Winners And Losers Of Q3: Knight-Swift Transportation (NYSE:KNX) Vs The Rest Of The Ground Transportation Stocks

By Petr Huřťák | November 17, 2025, 10:37 PM

KNX Cover Image

As the Q3 earnings season comes to a close, it’s time to take stock of this quarter’s best and worst performers in the ground transportation industry, including Knight-Swift Transportation (NYSE:KNX) and its peers.

The growth of e-commerce and global trade continues to drive demand for shipping services, especially last-mile delivery, presenting opportunities for ground transportation companies. The industry continues to invest in data, analytics, and autonomous fleets to optimize efficiency and find the most cost-effective routes. Despite the essential services this industry provides, ground transportation companies are still at the whim of economic cycles. Consumer spending, for example, can greatly impact the demand for these companies’ offerings while fuel costs can influence profit margins.

The 14 ground transportation stocks we track reported a mixed Q3. As a group, revenues beat analysts’ consensus estimates by 0.7%.

Amidst this news, share prices of the companies have had a rough stretch. On average, they are down 9.9% since the latest earnings results.

Knight-Swift Transportation (NYSE:KNX)

Covering 1.6 billion loaded miles in 2023 alone, Knight-Swift Transportation (NYSE:KNX) offers less-than-truckload and full truckload delivery services.

Knight-Swift Transportation reported revenues of $1.93 billion, up 2.7% year on year. This print exceeded analysts’ expectations by 1.7%. Despite the top-line beat, it was still a softer quarter for the company with a significant miss of analysts’ EPS estimates and EPS guidance for next quarter missing analysts’ expectations significantly.

Knight-Swift Transportation Total Revenue

Unsurprisingly, the stock is down 12.7% since reporting and currently trades at $41.38.

Read our full report on Knight-Swift Transportation here, it’s free for active Edge members.

Best Q3: Hertz (NASDAQ:HTZ)

Started with a dozen Model T Fords, Hertz (NASDAQ:HTZ) is a global car rental company providing vehicle rental services to leisure and business travelers.

Hertz reported revenues of $2.48 billion, down 3.8% year on year, outperforming analysts’ expectations by 3.1%. The business had a stunning quarter with a beat of analysts’ EPS estimates and an impressive beat of analysts’ EBITDA estimates.

Hertz Total Revenue

Hertz pulled off the biggest analyst estimates beat among its peers. The market seems happy with the results as the stock is up 6.7% since reporting. It currently trades at $5.29.

Is now the time to buy Hertz? Access our full analysis of the earnings results here, it’s free for active Edge members.

Weakest Q3: U-Haul (NYSE:UHAL)

Founded by a husband and wife duo, U-Haul (NYSE:UHAL) is a provider of rental trucks and storage facilities.

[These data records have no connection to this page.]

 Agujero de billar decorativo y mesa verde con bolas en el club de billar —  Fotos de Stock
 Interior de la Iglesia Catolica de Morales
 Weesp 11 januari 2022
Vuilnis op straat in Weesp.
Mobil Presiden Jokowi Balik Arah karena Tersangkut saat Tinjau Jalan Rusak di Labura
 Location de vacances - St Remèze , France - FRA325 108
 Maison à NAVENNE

U-Haul reported revenues of $1.72 billion, up 3.7% year on year, in line with analysts’ expectations. It was a disappointing quarter as it posted a significant miss of analysts’ EBITDA estimates and a significant miss of analysts’ EPS estimates.

As expected, the stock is down 7.9% since the results and currently trades at $49.19.

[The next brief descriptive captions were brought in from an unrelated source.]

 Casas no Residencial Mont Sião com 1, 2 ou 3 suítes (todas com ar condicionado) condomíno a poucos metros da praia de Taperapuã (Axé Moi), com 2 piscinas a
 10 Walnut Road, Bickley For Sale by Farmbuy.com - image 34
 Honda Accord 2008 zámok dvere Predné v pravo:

Read our full analysis of U-Haul’s results here.

Ryder (NYSE:R)

As one of the first companies to introduce the idea of leasing trucks, Ryder (NYSE:R) provides rental vehicles to businesses and delivers packages directly to homes or businesses.

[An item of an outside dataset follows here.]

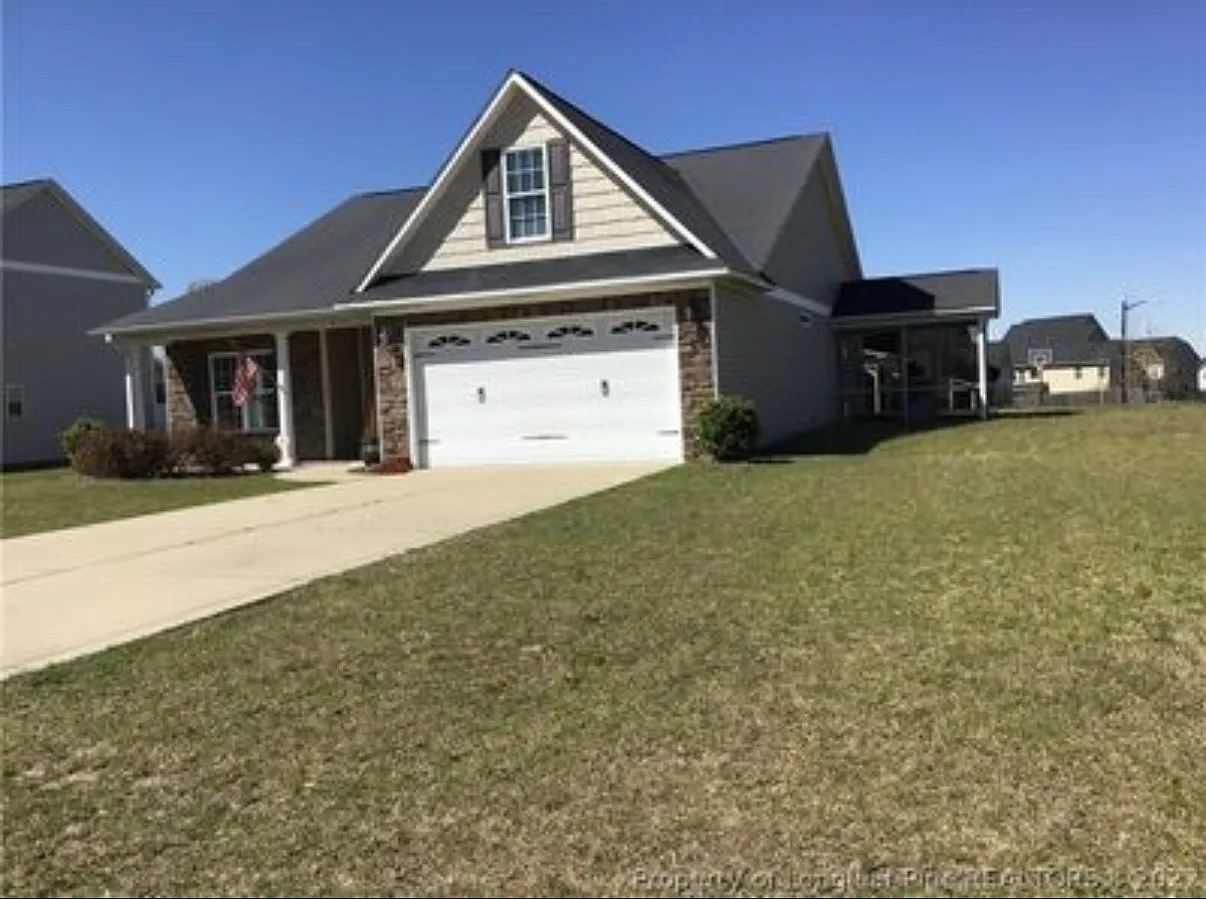 277 Century Dr — Photo 2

Ryder reported revenues of $3.17 billion, flat year on year. This print lagged analysts' expectations by 0.7%. Zooming out, it was a satisfactory quarter as it also recorded a solid beat of analysts’ adjusted operating income estimates but EPS guidance for next quarter missing analysts’ expectations.

Ryder had the weakest performance against analyst estimates among its peers. The stock is down 10% since reporting and currently trades at $164.48.

Read our full, actionable report on Ryder here, it’s free for active Edge members.

Werner (NASDAQ:WERN)

Conducting business in over a 100 countries, Werner (NASDAQ:WERN) offers full-truckload, less-than-truckload, and intermodal delivery services.

Werner reported revenues of $771.5 million, up 3.5% year on year. This result surpassed analysts’ expectations by 1%. Zooming out, it was a softer quarter as it produced a significant miss of analysts’ adjusted operating income estimates and a significant miss of analysts’ EBITDA estimates.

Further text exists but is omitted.